Rumors are swirling that President Trump’s personal lawyers are suggesting to him that he not voluntarily meet with Special Prosecutor Robert Mueller to answer questions in Mueller’s Russia probe. Of course they are and they well should tell him to not go gently into that good night. As any good criminal defense lawyer who has any experience in Federal prosecutions will tell you, placing yourself before a Federal law enforcement agent to respond to questions is a dangerous trap to be avoided at all costs. It is its own separate crime to lie to a Federal law enforcement agent.

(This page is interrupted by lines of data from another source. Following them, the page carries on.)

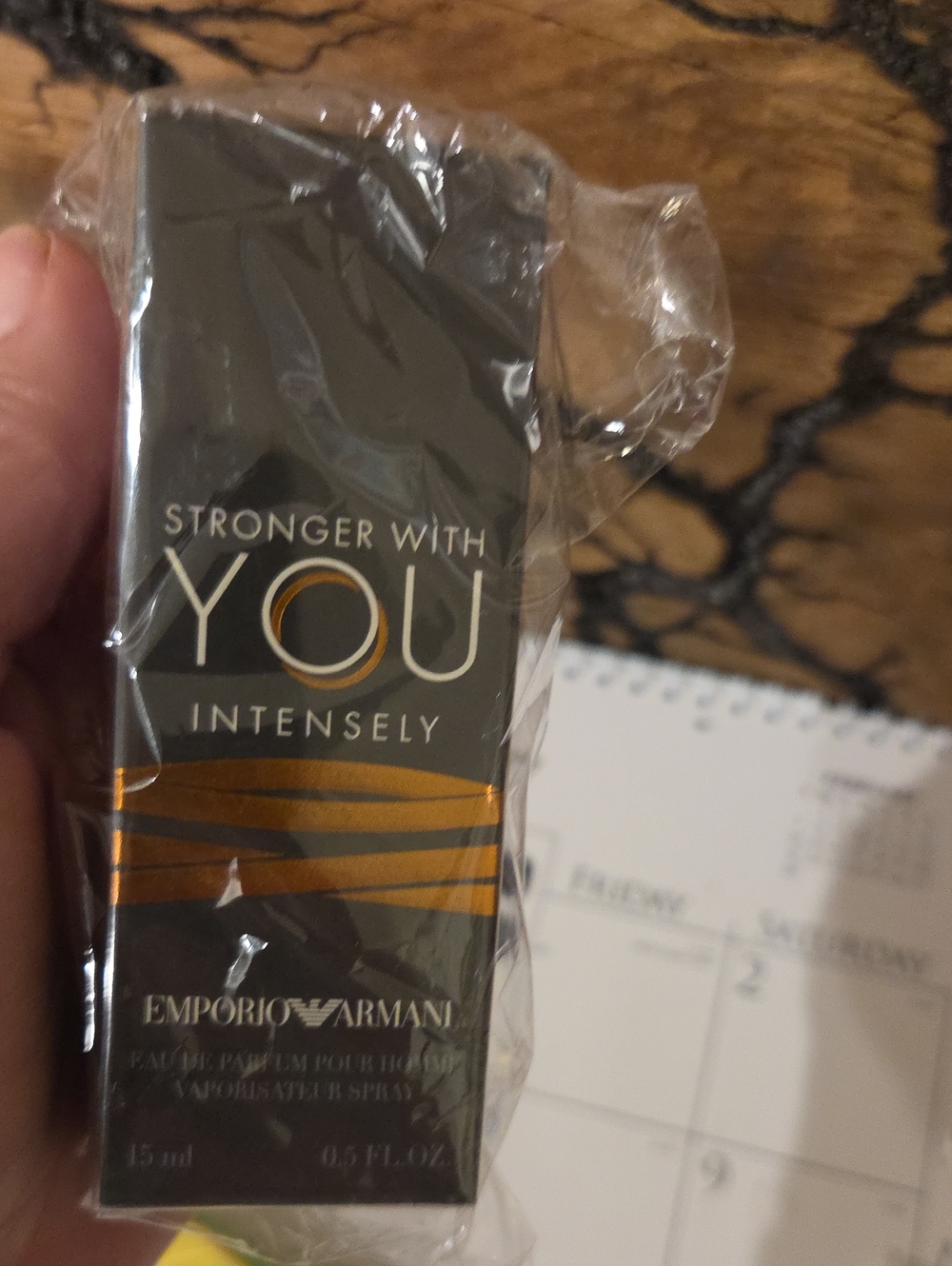 Emporio Armani Stronger With You Intensely - NIB Sealed Travel Size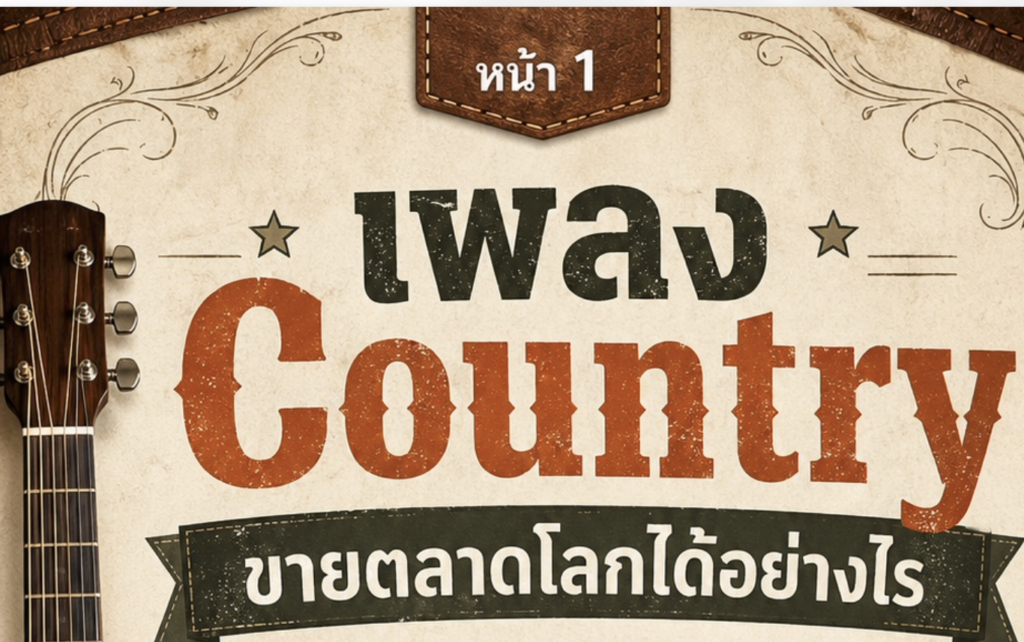 (Ebook+Prompt) คู่มือสร้างรายได้ทั่วโลกไปกับเพลง country ด้วย SUNO AI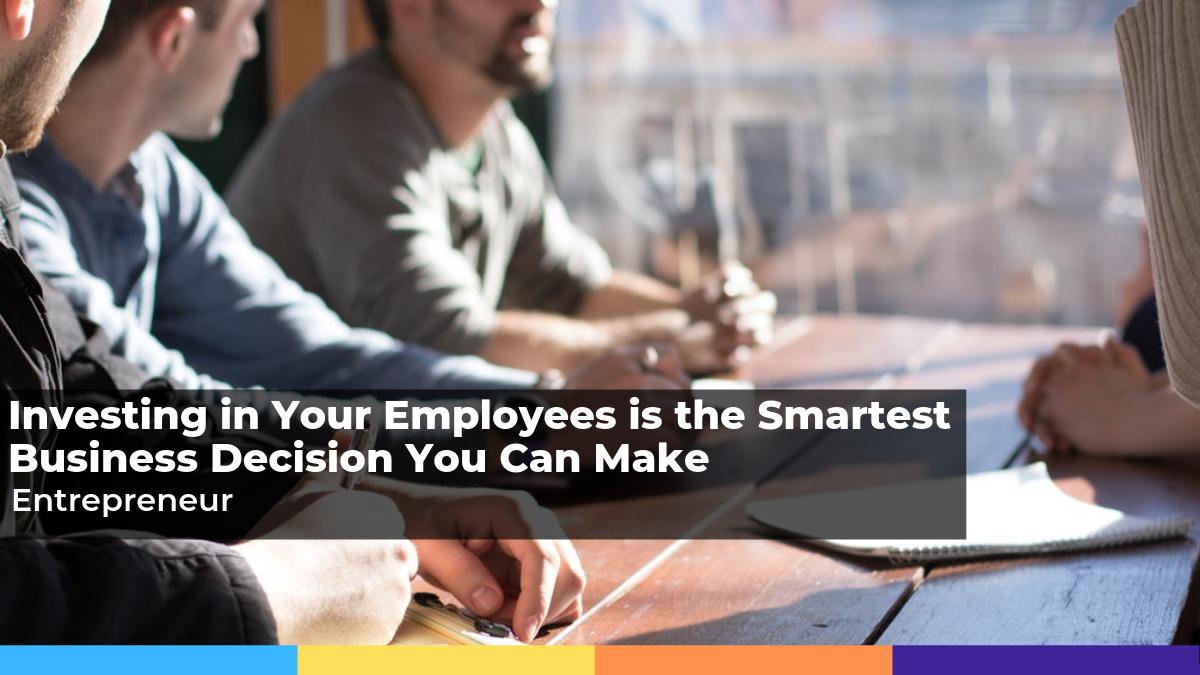 Check out the article to learn more about investing into employees!
bit.ly/2Q6elL7

#EmployeeEngagement #EmployeeBenefits #EmployeeAppreciation #WorkLifeBalance #EmployeeRewards #EmployeeRecognition #HumanResources #HR #Investing #EmployeeInvestment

So even if they end up having insufficient evidence to prove the crime they are investigating, they can then charge you if they can prove you lied about a material fact.
The statute spells out this purpose in subsection 18 U.S.C. § 1001(a), which states:
(a) Except as otherwise provided in this section, whoever, in any matter within the jurisdiction of the executive, legislative, or judicial branch of the Government of the United States, knowingly and willfully
(1) falsifies, conceals, or covers up by any trick, scheme, or device[ , ] a material fact;
(2) makes any materially false, fictitious, or fraudulent statement or representation; or
(3) makes or uses any false writing or document knowing the same to contain any materially false, fictitious, or fraudulent statement or entry
shall be fined under this title, imprisoned not more than 5 years or, if the offense involves international or domestic terrorism (as defined in section 2331), imprisoned not more than 8 years, or both….
Even constitutionally explicit Fifth Amendment rights do not exonerate affirmative false statements. In the 1998 case Brogan v. United States, the Supreme Court rejected the “exculpatory no” doctrine that had previously been followed by several Federal Courts of Appeal, which had held that “the mere denial of wrongdoing” did not fall within the scope of § 1001. The Brogan court stated:
“Our legal system provides methods for challenging the Government’s right to ask questions — lying is not one of them.”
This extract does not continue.